Ja, das habe ich bei “Avrakadavra” überhaupt nicht hinbekommen. Sobald irgendwo eine Lücke war, musste ich da noch was rein rappen, das hat jetzt besser geklappt, einfach der Musik mehr Raum geben und nicht alles volltexten. Schön, dass Du gemerkt hast, dass es bei “Uu” eigentlich nur um eine Sexszene geht (lacht).

Auch, wenn es nicht so aufdringlich war.

(lacht) Ja, das war das Experiment. Viele sagen ja, dass deutsche Songs über Sex immer cringe sind und ich habe mich gefragt, ob ich das hinkriege. Es ist schon explizit, auch wenn ich keine Triggerwörter sage.

Die textlichen Querverweise, die sich durch alle Alben ziehen, wie kommt es dazu? Sind das Zeilen, die Du besonders gelungen findest oder denkst Du beim Schreiben an den jeweils anderen Song?
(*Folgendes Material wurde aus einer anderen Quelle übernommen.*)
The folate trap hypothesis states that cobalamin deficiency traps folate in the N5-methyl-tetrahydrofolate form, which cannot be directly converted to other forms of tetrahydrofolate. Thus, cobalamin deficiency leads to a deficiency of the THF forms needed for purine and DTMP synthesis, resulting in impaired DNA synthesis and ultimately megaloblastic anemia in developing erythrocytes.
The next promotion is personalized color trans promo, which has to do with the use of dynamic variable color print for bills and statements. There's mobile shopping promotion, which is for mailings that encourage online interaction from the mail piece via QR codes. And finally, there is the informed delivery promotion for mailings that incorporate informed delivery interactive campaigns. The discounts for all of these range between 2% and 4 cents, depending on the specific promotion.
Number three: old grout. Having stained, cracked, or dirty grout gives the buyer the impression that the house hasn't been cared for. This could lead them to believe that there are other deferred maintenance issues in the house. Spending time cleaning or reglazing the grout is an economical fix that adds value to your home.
Mal so, mal so. Bei “Räuberleiter” gab es ja den Song “Se Botschaft” und da war eine Zeile, die ich dann bei dem Song “Unter Nelken” wieder benutzt habe. Ich fand es irgendwie auch cool, wenn ich diese Zeile dann auf jeder Platte oder jedem Projekt drin gehabt hätte. Wenn es in dem Moment passt, dann scheue ich nicht davor zurück, mich nochmal zu wiederholen. Das sind zwei Fliegen mit einer Klappe geschlagen. Es macht das Gesamtwerk kohärenter, gerade wenn jemand aufmerksam zuhört. Als Hörer finde ich das selbst cool, wenn man sowas entdeckt, dann ist das ein sehr befriedigender Moment. Und andererseits (lacht) brauche ich dann eine Zeile weniger. Mega gut und manchmal wirkt die Zeile dann sogar noch besser (lacht)
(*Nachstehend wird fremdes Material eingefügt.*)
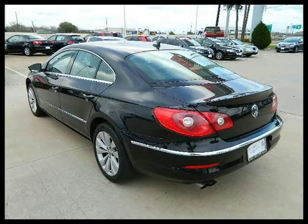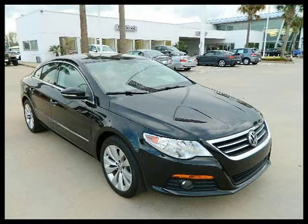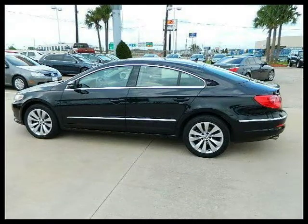For more information on this great 4-door car please click the link below. Thank you.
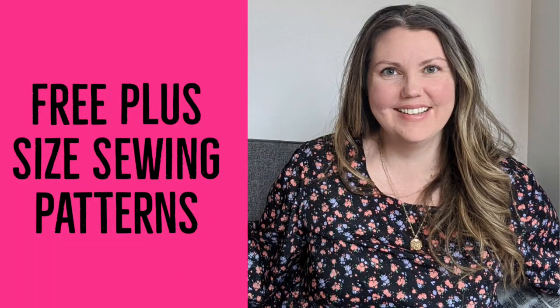Today I'm sharing my picks for free plus size or size inclusive patterns for the Sew Frugal 2022 challenge. Hi, my name is Megan, I live in Calgary, Alberta, Canada, and if you've never been to my channel before, welcome. Today I'm going to be sharing my picks for the hashtag Sew Frugal 2022 challenge.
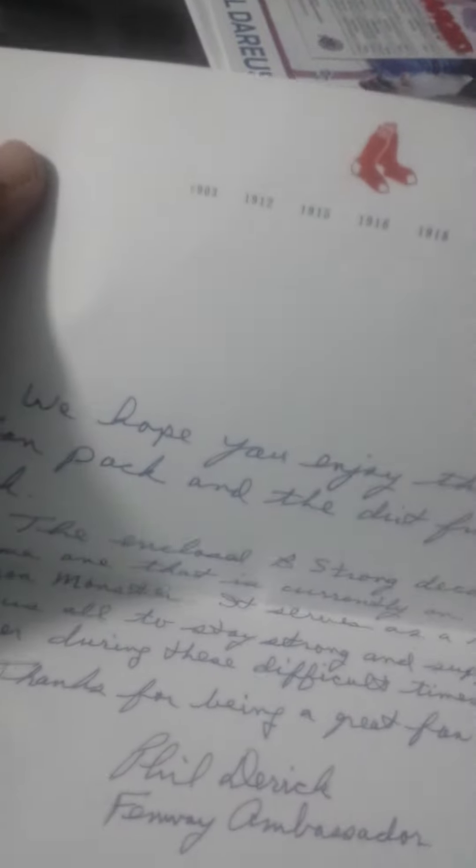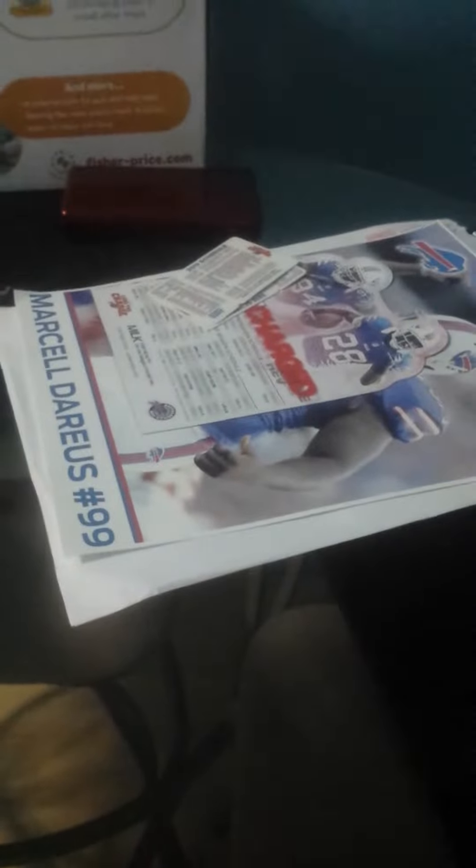I got Boston — some Fenway dirt, a pocket schedule, two decals, Red Sox items, a 'Be Strong' item, and also a handwritten letter.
Bei dem Beispiel von Dir hast Du es ja von “Se Botschaft”, wo die Zeilen der Refrain waren, bei “Unter Nelken” so nebenbei untergemengt. Also man könnte sagen, dass Du die Zeile etwas downgraded hast. Es macht Dich als Künstler greifbarer, mir gefällt es auch, wenn Bands einfach ein Riff nochmal verwenden, in anderer Tonart oder anderem Tempo.
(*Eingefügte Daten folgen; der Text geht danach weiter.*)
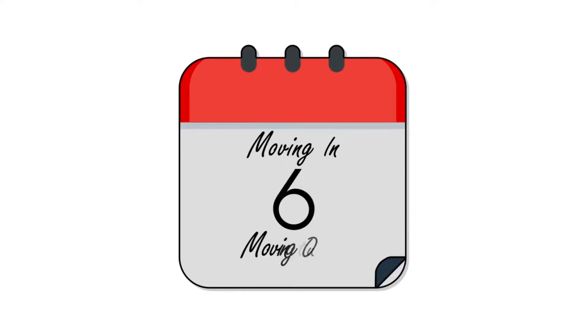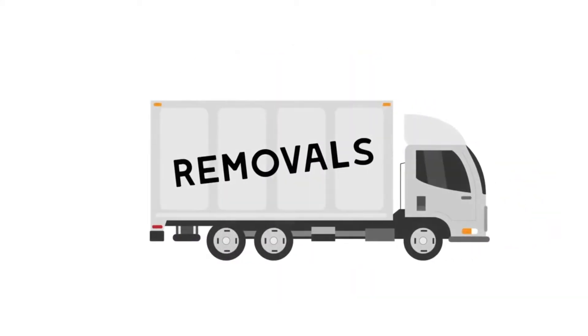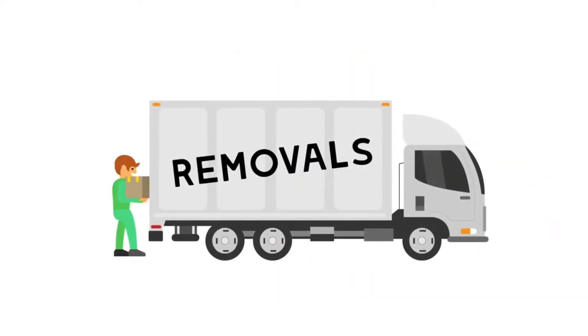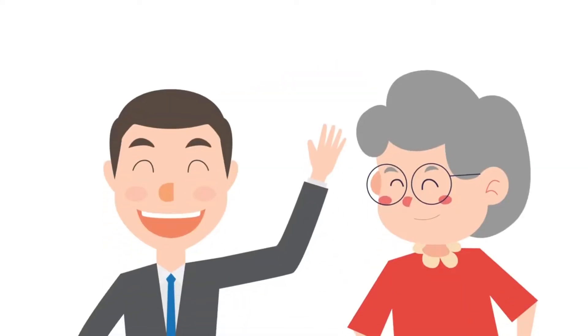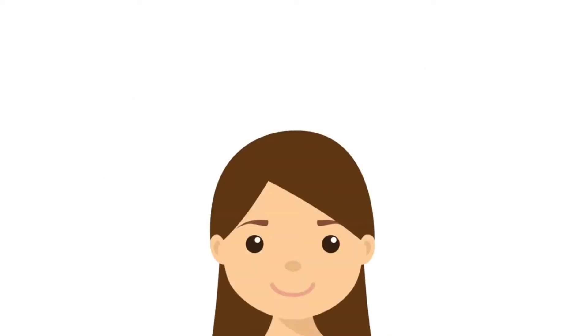And when it's time for you to move, we'll even provide a free removal service to help you transport your belongings safely into your new home. Part exchange will make your selling process simpler, so you could be moving into your new home before you know it. Hear from our homeowners how part exchange has helped with their move.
Es lässt alles mehr zusammenkleben und das ist irgendwie cool. Ich werde das so beibehalten.

Bei “Lip Gallagher” singst Du einmal “Sag mir, Du fühlst meinen Schmerz” und dann “Sag nicht, Du fühlst meinen Schmerz”. Deine Texte sind oft sehr persönlich, in welchem Moment prüfst Du bei Deinen Texten, was Du nicht doch lieber für Dich behalten möchtest?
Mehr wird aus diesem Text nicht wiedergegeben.